Extracted data entries:
·····
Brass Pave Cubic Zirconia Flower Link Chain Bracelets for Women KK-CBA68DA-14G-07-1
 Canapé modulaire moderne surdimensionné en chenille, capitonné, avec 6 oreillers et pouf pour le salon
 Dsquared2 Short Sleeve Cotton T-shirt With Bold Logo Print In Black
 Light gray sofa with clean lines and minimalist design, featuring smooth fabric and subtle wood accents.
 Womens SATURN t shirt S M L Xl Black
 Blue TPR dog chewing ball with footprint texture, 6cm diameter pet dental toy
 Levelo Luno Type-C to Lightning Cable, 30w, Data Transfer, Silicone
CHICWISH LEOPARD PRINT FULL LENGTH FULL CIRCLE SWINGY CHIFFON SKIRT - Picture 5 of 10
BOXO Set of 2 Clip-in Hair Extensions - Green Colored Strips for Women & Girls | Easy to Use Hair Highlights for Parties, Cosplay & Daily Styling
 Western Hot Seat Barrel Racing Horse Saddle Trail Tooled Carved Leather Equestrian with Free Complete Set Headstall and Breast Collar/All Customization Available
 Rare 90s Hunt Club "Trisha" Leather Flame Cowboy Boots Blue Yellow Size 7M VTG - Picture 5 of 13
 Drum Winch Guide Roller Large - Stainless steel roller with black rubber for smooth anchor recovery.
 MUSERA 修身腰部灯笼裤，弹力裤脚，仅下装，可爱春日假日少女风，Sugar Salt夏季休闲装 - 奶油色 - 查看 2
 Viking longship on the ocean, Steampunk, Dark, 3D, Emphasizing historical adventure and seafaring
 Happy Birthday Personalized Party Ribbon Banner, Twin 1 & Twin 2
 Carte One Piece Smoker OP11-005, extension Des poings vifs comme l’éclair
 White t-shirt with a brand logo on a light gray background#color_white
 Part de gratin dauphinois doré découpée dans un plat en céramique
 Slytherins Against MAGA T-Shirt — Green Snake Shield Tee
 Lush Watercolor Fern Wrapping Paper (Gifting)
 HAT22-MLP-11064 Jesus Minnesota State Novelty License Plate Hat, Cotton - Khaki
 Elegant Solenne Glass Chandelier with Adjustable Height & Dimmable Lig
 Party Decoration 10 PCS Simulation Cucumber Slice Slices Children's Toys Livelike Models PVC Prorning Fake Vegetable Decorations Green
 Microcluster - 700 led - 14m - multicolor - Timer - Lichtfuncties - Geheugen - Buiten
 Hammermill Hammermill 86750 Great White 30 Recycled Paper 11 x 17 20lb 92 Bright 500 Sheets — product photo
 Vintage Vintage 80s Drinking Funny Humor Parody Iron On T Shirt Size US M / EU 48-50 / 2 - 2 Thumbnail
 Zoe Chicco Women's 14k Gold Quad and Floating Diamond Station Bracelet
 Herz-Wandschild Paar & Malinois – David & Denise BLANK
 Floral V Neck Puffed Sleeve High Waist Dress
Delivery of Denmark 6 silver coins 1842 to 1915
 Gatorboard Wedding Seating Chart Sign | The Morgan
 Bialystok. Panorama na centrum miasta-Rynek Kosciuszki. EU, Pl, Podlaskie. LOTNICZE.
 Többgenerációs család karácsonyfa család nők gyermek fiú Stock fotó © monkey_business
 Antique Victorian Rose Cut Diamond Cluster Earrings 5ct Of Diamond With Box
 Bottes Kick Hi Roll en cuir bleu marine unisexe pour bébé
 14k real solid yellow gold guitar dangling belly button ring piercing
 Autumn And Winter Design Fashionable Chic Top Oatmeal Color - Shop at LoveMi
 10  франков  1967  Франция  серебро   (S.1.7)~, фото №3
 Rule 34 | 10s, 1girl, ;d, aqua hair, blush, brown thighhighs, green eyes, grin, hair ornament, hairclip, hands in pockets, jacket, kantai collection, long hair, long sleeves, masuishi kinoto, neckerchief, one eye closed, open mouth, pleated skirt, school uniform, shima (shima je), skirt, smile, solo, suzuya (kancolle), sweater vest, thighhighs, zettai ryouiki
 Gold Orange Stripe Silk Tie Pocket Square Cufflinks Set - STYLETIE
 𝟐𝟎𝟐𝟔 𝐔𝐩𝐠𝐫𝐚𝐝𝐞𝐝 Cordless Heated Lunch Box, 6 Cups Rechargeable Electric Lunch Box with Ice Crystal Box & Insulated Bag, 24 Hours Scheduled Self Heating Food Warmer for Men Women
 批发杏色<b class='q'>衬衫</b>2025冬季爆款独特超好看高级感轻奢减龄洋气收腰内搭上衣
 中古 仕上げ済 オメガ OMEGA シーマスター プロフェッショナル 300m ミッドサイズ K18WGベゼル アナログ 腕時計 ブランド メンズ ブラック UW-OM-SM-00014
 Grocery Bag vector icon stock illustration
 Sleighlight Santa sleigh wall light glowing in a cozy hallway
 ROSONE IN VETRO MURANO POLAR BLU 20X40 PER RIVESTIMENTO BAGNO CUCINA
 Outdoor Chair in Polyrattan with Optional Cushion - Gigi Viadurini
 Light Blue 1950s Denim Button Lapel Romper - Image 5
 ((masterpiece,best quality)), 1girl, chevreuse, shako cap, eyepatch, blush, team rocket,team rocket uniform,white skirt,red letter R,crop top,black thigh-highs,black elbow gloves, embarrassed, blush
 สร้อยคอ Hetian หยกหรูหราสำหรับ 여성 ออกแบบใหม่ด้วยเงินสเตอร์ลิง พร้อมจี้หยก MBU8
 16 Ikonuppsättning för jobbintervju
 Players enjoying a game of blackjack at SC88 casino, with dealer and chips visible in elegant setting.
·····
YOUR INSTRUCTIONS: Output the records in full. Match them exactly.

YOUR SOLUTION:
Brass Pave Cubic Zirconia Flower Link Chain Bracelets for Women KK-CBA68DA-14G-07-1
 Canapé modulaire moderne surdimensionné en chenille, capitonné, avec 6 oreillers et pouf pour le salon
 Dsquared2 Short Sleeve Cotton T-shirt With Bold Logo Print In Black
 Light gray sofa with clean lines and minimalist design, featuring smooth fabric and subtle wood accents.
 Womens SATURN t shirt S M L Xl Black
 Blue TPR dog chewing ball with footprint texture, 6cm diameter pet dental toy
 Levelo Luno Type-C to Lightning Cable, 30w, Data Transfer, Silicone
CHICWISH LEOPARD PRINT FULL LENGTH FULL CIRCLE SWINGY CHIFFON SKIRT - Picture 5 of 10
BOXO Set of 2 Clip-in Hair Extensions - Green Colored Strips for Women & Girls | Easy to Use Hair Highlights for Parties, Cosplay & Daily Styling
 Western Hot Seat Barrel Racing Horse Saddle Trail Tooled Carved Leather Equestrian with Free Complete Set Headstall and Breast Collar/All Customization Available
 Rare 90s Hunt Club "Trisha" Leather Flame Cowboy Boots Blue Yellow Size 7M VTG - Picture 5 of 13
 Drum Winch Guide Roller Large - Stainless steel roller with black rubber for smooth anchor recovery.
 MUSERA 修身腰部灯笼裤，弹力裤脚，仅下装，可爱春日假日少女风，Sugar Salt夏季休闲装 - 奶油色 - 查看 2
 Viking longship on the ocean, Steampunk, Dark, 3D, Emphasizing historical adventure and seafaring
 Happy Birthday Personalized Party Ribbon Banner, Twin 1 & Twin 2
 Carte One Piece Smoker OP11-005, extension Des poings vifs comme l’éclair
 White t-shirt with a brand logo on a light gray background#color_white
 Part de gratin dauphinois doré découpée dans un plat en céramique
 Slytherins Against MAGA T-Shirt — Green Snake Shield Tee
 Lush Watercolor Fern Wrapping Paper (Gifting)
 HAT22-MLP-11064 Jesus Minnesota State Novelty License Plate Hat, Cotton - Khaki
 Elegant Solenne Glass Chandelier with Adjustable Height & Dimmable Lig
 Party Decoration 10 PCS Simulation Cucumber Slice Slices Children's Toys Livelike Models PVC Prorning Fake Vegetable Decorations Green
 Microcluster - 700 led - 14m - multicolor - Timer - Lichtfuncties - Geheugen - Buiten
 Hammermill Hammermill 86750 Great White 30 Recycled Paper 11 x 17 20lb 92 Bright 500 Sheets — product photo
 Vintage Vintage 80s Drinking Funny Humor Parody Iron On T Shirt Size US M / EU 48-50 / 2 - 2 Thumbnail
 Zoe Chicco Women's 14k Gold Quad and Floating Diamond Station Bracelet
 Herz-Wandschild Paar & Malinois – David & Denise BLANK
 Floral V Neck Puffed Sleeve High Waist Dress
Delivery of Denmark 6 silver coins 1842 to 1915
 Gatorboard Wedding Seating Chart Sign | The Morgan
 Bialystok. Panorama na centrum miasta-Rynek Kosciuszki. EU, Pl, Podlaskie. LOTNICZE.
 Többgenerációs család karácsonyfa család nők gyermek fiú Stock fotó © monkey_business
 Antique Victorian Rose Cut Diamond Cluster Earrings 5ct Of Diamond With Box
 Bottes Kick Hi Roll en cuir bleu marine unisexe pour bébé
 14k real solid yellow gold guitar dangling belly button ring piercing
 Autumn And Winter Design Fashionable Chic Top Oatmeal Color - Shop at LoveMi
 10  франков  1967  Франция  серебро   (S.1.7)~, фото №3
 Rule 34 | 10s, 1girl, ;d, aqua hair, blush, brown thighhighs, green eyes, grin, hair ornament, hairclip, hands in pockets, jacket, kantai collection, long hair, long sleeves, masuishi kinoto, neckerchief, one eye closed, open mouth, pleated skirt, school uniform, shima (shima je), skirt, smile, solo, suzuya (kancolle), sweater vest, thighhighs, zettai ryouiki
 Gold Orange Stripe Silk Tie Pocket Square Cufflinks Set - STYLETIE
 𝟐𝟎𝟐𝟔 𝐔𝐩𝐠𝐫𝐚𝐝𝐞𝐝 Cordless Heated Lunch Box, 6 Cups Rechargeable Electric Lunch Box with Ice Crystal Box & Insulated Bag, 24 Hours Scheduled Self Heating Food Warmer for Men Women
 批发杏色<b class='q'>衬衫</b>2025冬季爆款独特超好看高级感轻奢减龄洋气收腰内搭上衣
 中古 仕上げ済 オメガ OMEGA シーマスター プロフェッショナル 300m ミッドサイズ K18WGベゼル アナログ 腕時計 ブランド メンズ ブラック UW-OM-SM-00014
 Grocery Bag vector icon stock illustration
 Sleighlight Santa sleigh wall light glowing in a cozy hallway
 ROSONE IN VETRO MURANO POLAR BLU 20X40 PER RIVESTIMENTO BAGNO CUCINA
 Outdoor Chair in Polyrattan with Optional Cushion - Gigi Viadurini
 Light Blue 1950s Denim Button Lapel Romper - Image 5
 ((masterpiece,best quality)), 1girl, chevreuse, shako cap, eyepatch, blush, team rocket,team rocket uniform,white skirt,red letter R,crop top,black thigh-highs,black elbow gloves, embarrassed, blush
 สร้อยคอ Hetian หยกหรูหราสำหรับ 여성 ออกแบบใหม่ด้วยเงินสเตอร์ลิง พร้อมจี้หยก MBU8
 16 Ikonuppsättning för jobbintervju
 Players enjoying a game of blackjack at SC88 casino, with dealer and chips visible in elegant setting.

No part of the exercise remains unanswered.